**YOUR GOAL:** Transcribe exactly the line in which "this 1270×952 image." occurs, plus every line that comes after it up to the end of the entries.

**INPUT DATA:**
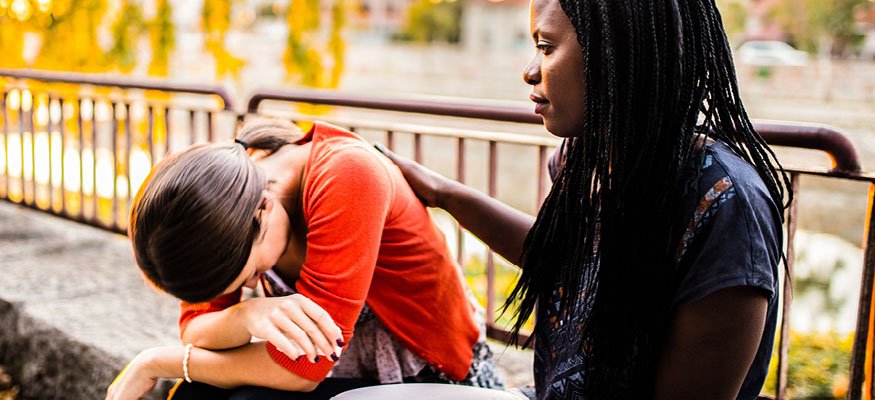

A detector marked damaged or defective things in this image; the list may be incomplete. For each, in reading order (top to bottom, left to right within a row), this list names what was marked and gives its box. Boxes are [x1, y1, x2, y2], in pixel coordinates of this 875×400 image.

rusty metal bar [0, 68, 236, 110]
rusty metal bar [780, 173, 800, 398]
rusty metal bar [852, 185, 875, 400]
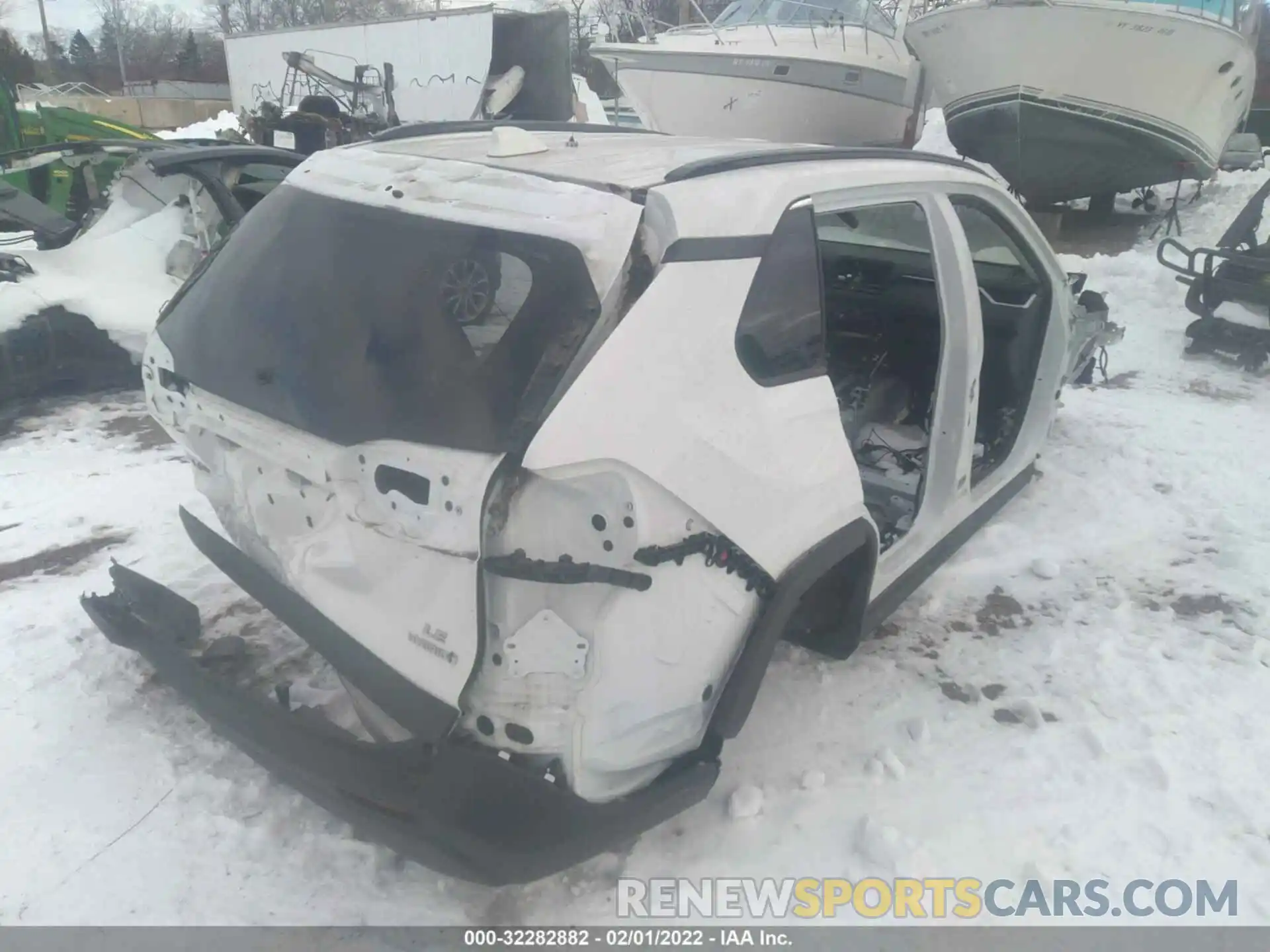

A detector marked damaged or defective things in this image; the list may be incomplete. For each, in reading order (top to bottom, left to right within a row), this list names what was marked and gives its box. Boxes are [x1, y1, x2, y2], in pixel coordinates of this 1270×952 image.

wrecked car in background [0, 141, 302, 406]
wrecked car in background [79, 125, 1122, 889]
damaged white suv [84, 123, 1122, 893]
wrecked car in background [1163, 175, 1270, 373]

**TASK OUTPUT:**
A detector marked damaged or defective things in this image; the list may be incomplete. For each, in reading order (top to bottom, left to right within a row), this list names what was marked and gives its box. Boxes are [x1, y1, x2, y2], in pixel coordinates of this 1270×952 image.

wrecked car in background [0, 141, 302, 406]
wrecked car in background [79, 125, 1122, 889]
damaged white suv [84, 123, 1122, 893]
wrecked car in background [1163, 175, 1270, 373]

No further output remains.